• [GOAL OF THE EXERCISE] The records must be duplicated exactly, with every picture left out.
SUPPLIED ENTRIES section start
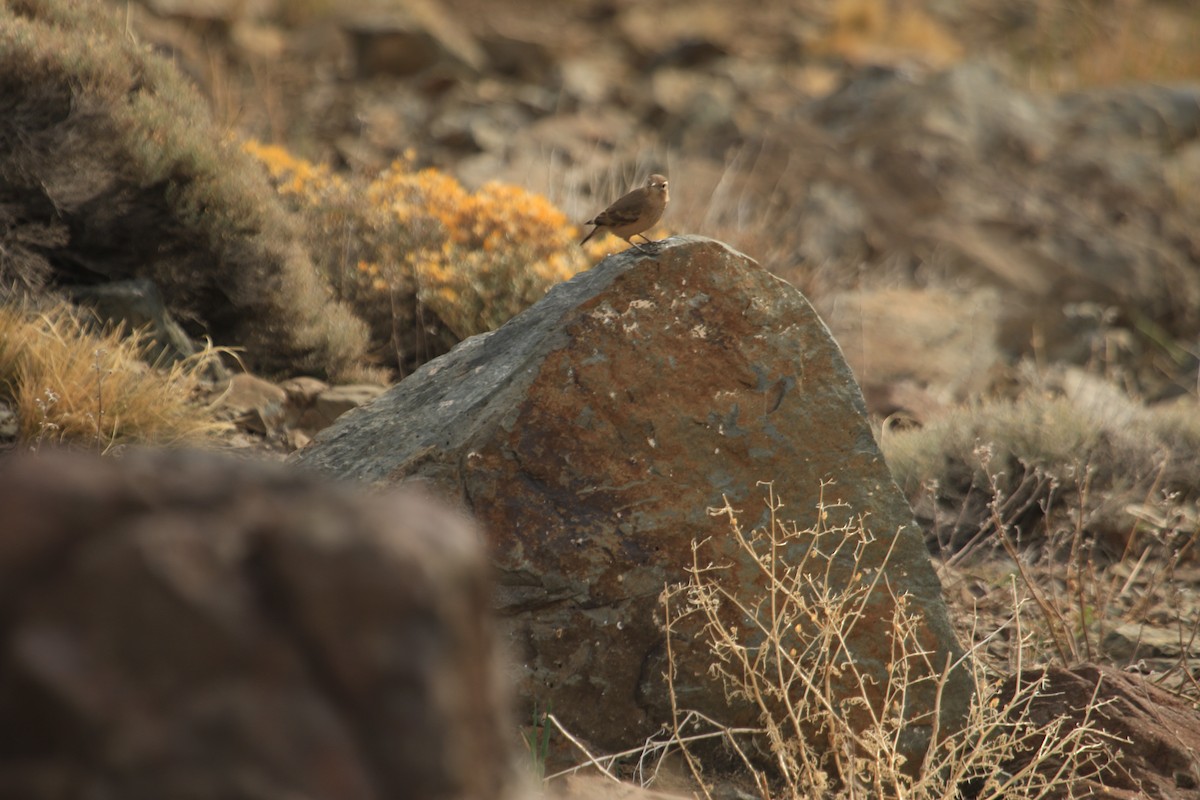 Rufous-banded Miner - ML599234641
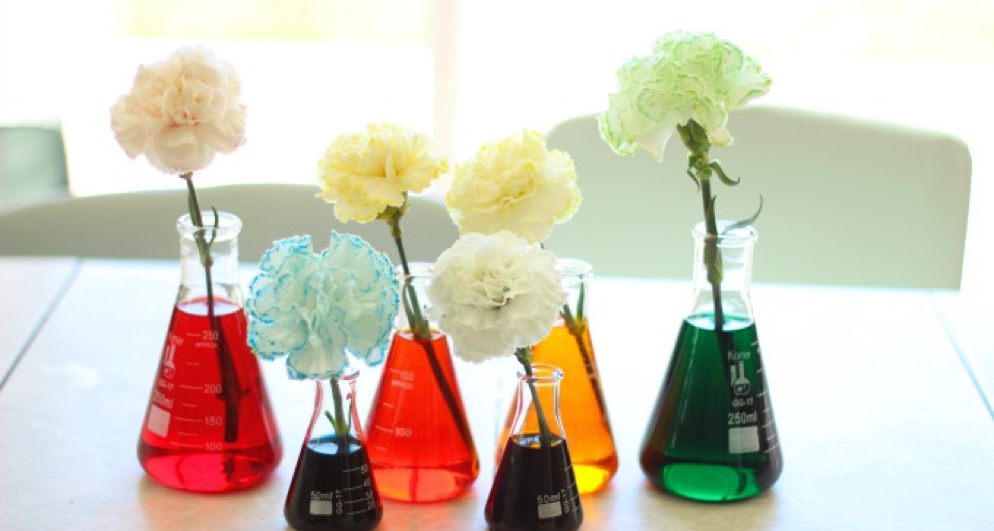 how to make rainbow carnations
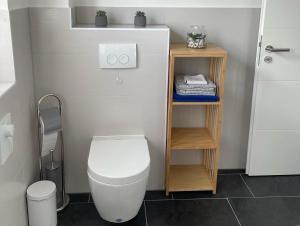 普劳西Ferienhaus Rupnow Plau am See的浴室配有白色卫生间和木制架子。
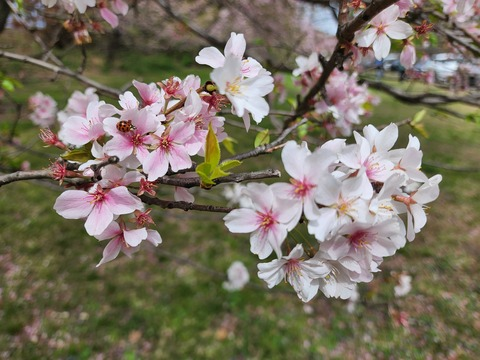 Leaked yogurtsoju header onlyfans leaked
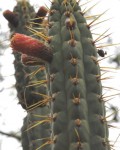 Cleistocactus Laniceps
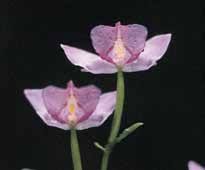 Image result for Disperis katangensis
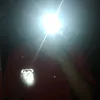 hanladz66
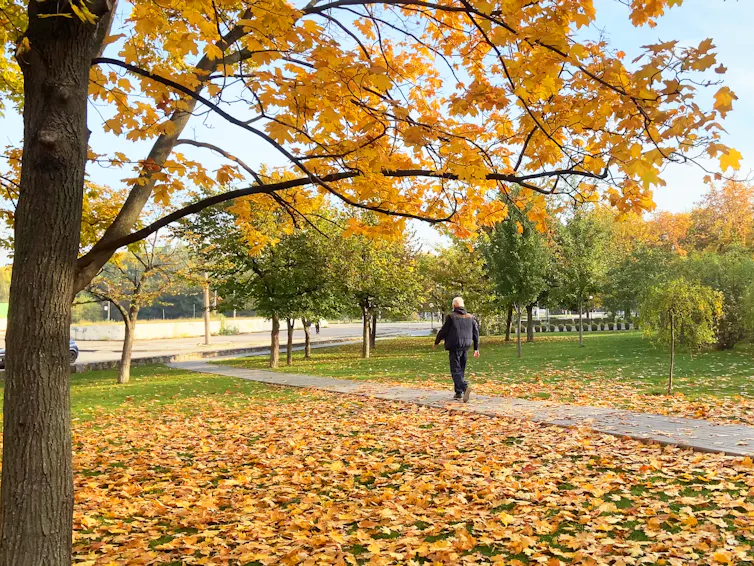 A man goes for a walk in a park. It is autumn, so the leaves have changed colour and have fallen on the ground.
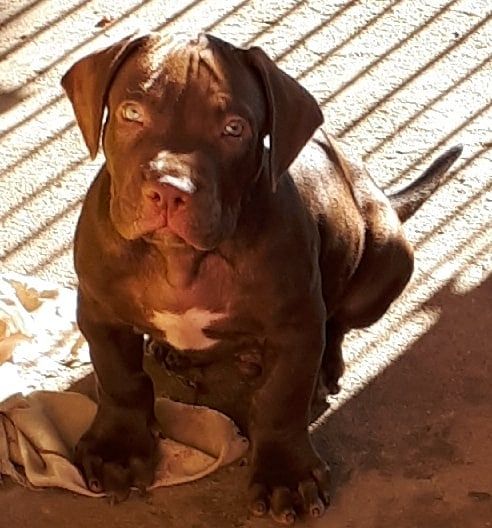 Photo of the dog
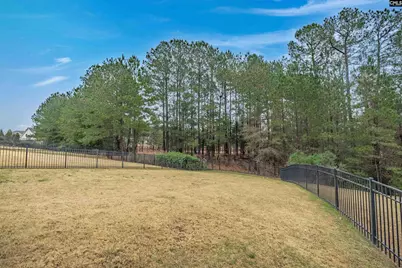 679 Scarlet Baby Drive, Blythewood, SC 29016 - Photo 42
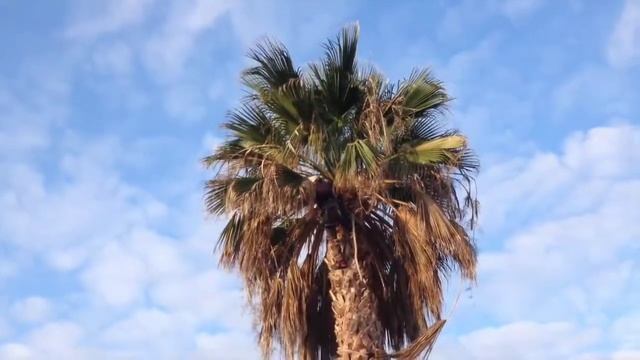 Стрижка пальм! Пальмерос крутос! смотреть онлайн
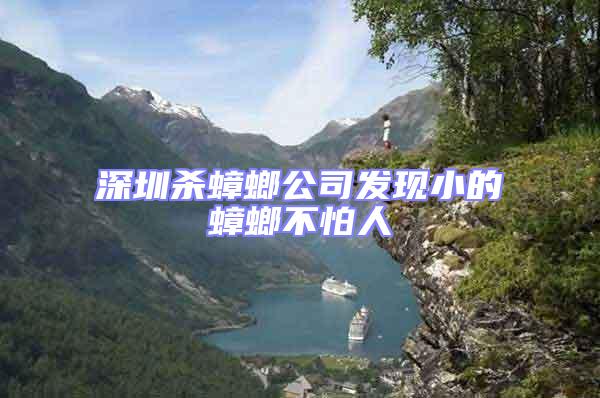 深圳殺蟑螂公司發現小的蟑螂不怕人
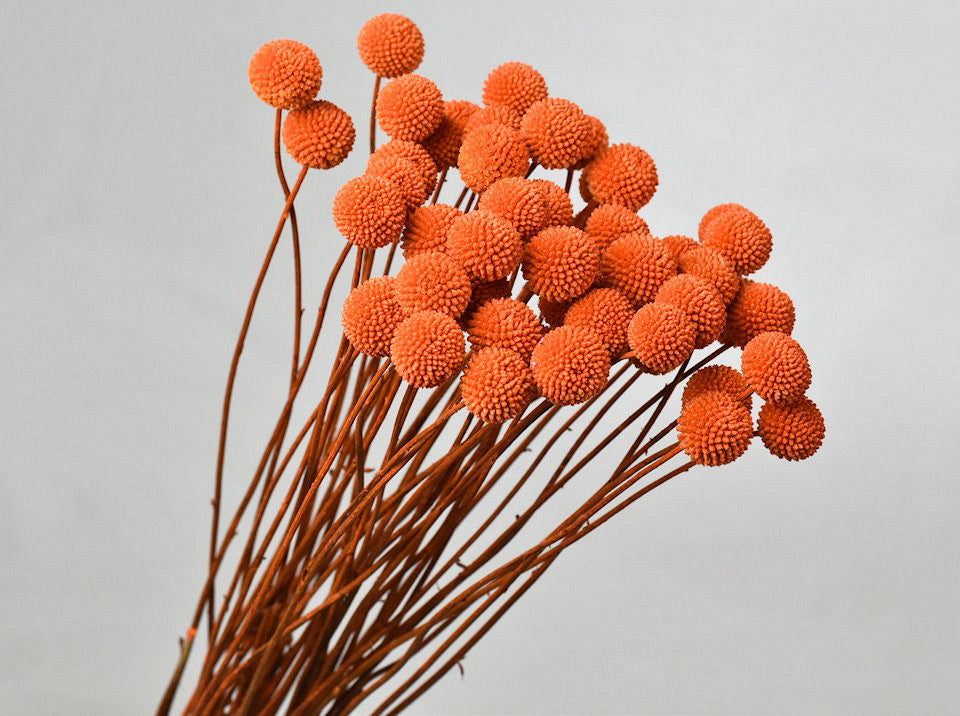 Craspedia orange dried (Billy Button)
SUPPLIED ENTRIES section end
• [ANSWER TO THE PROBLEM]
 Rufous-banded Miner - ML599234641
 how to make rainbow carnations
 普劳西Ferienhaus Rupnow Plau am See的浴室配有白色卫生间和木制架子。
 Leaked yogurtsoju header onlyfans leaked
 Cleistocactus Laniceps
 Image result for Disperis katangensis
 hanladz66
 A man goes for a walk in a park. It is autumn, so the leaves have changed colour and have fallen on the ground.
 Photo of the dog
 679 Scarlet Baby Drive, Blythewood, SC 29016 - Photo 42
 Стрижка пальм! Пальмерос крутос! смотреть онлайн
 深圳殺蟑螂公司發現小的蟑螂不怕人
 Craspedia orange dried (Billy Button)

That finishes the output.